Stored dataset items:

------------------------------------------------------------------------

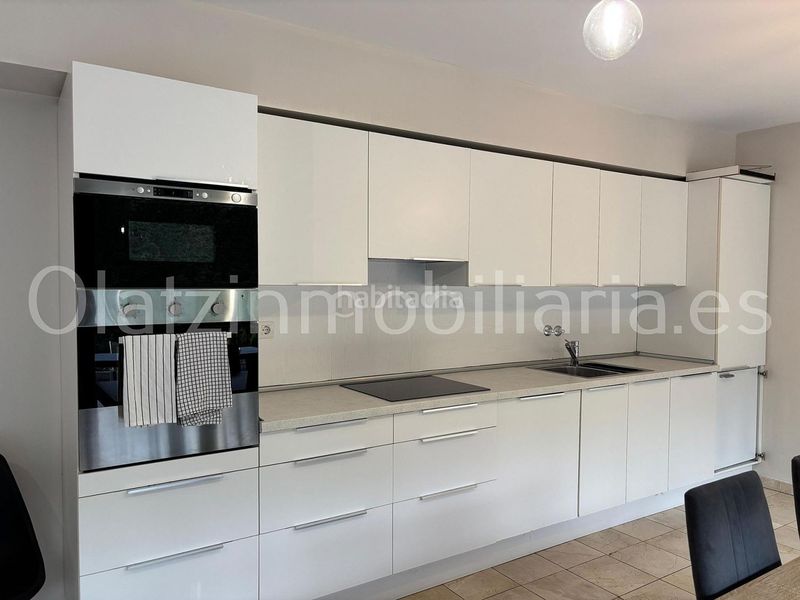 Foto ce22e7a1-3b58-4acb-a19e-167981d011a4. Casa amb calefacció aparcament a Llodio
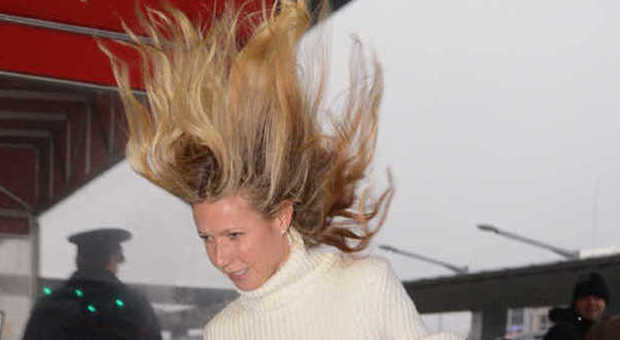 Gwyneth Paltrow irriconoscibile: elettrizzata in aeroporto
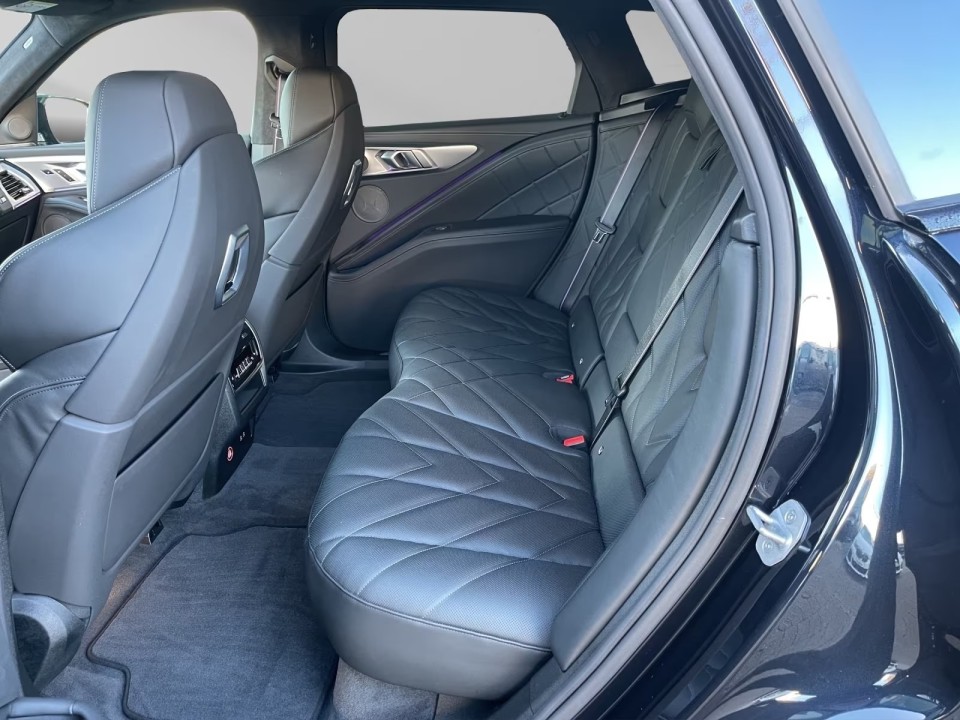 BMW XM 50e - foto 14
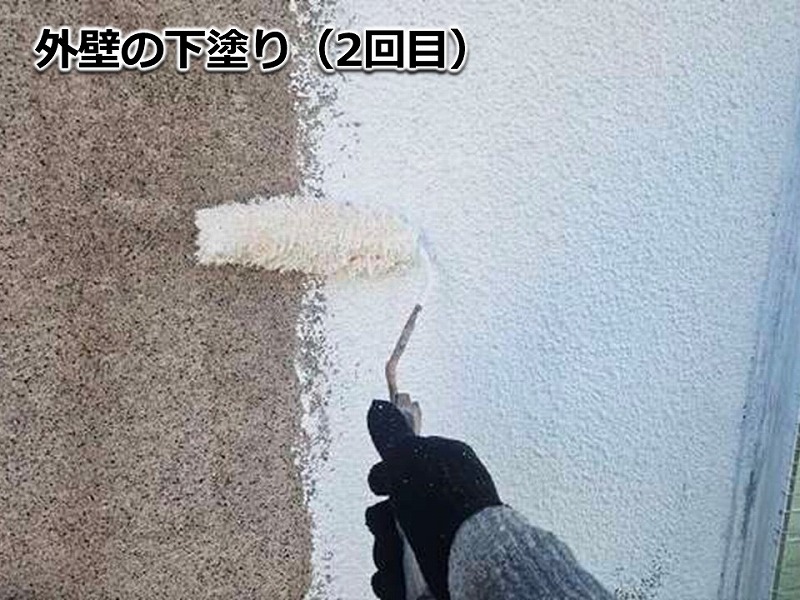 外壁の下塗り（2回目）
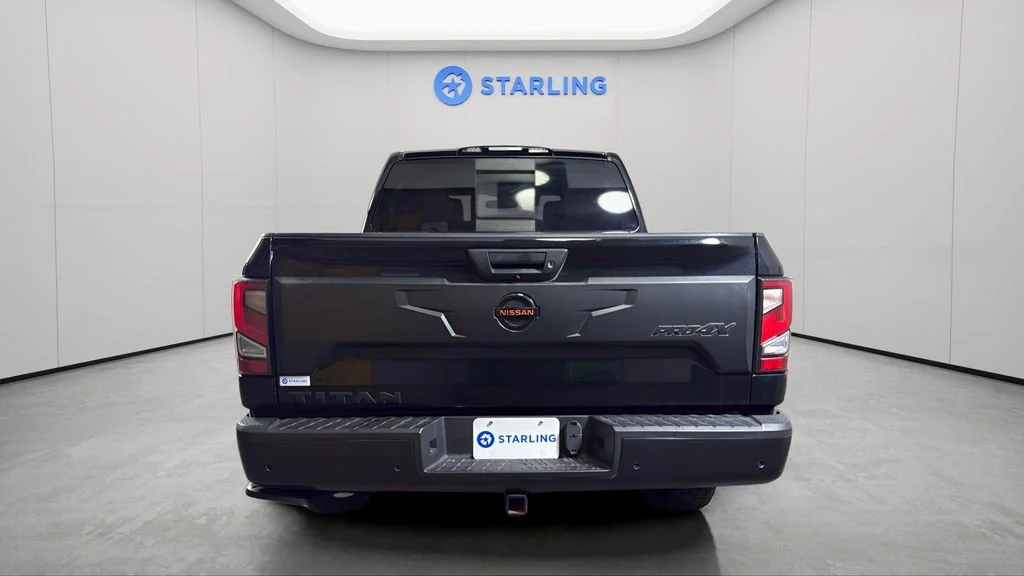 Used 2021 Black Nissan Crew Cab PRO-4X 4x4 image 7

------------------------------------------------------------------------

— Activity —
Could you output all the entries above exactly as written, leaving out the pictures?

— Response for this exercise —
 Foto ce22e7a1-3b58-4acb-a19e-167981d011a4. Casa amb calefacció aparcament a Llodio
 Gwyneth Paltrow irriconoscibile: elettrizzata in aeroporto
 BMW XM 50e - foto 14
 外壁の下塗り（2回目）
 Used 2021 Black Nissan Crew Cab PRO-4X 4x4 image 7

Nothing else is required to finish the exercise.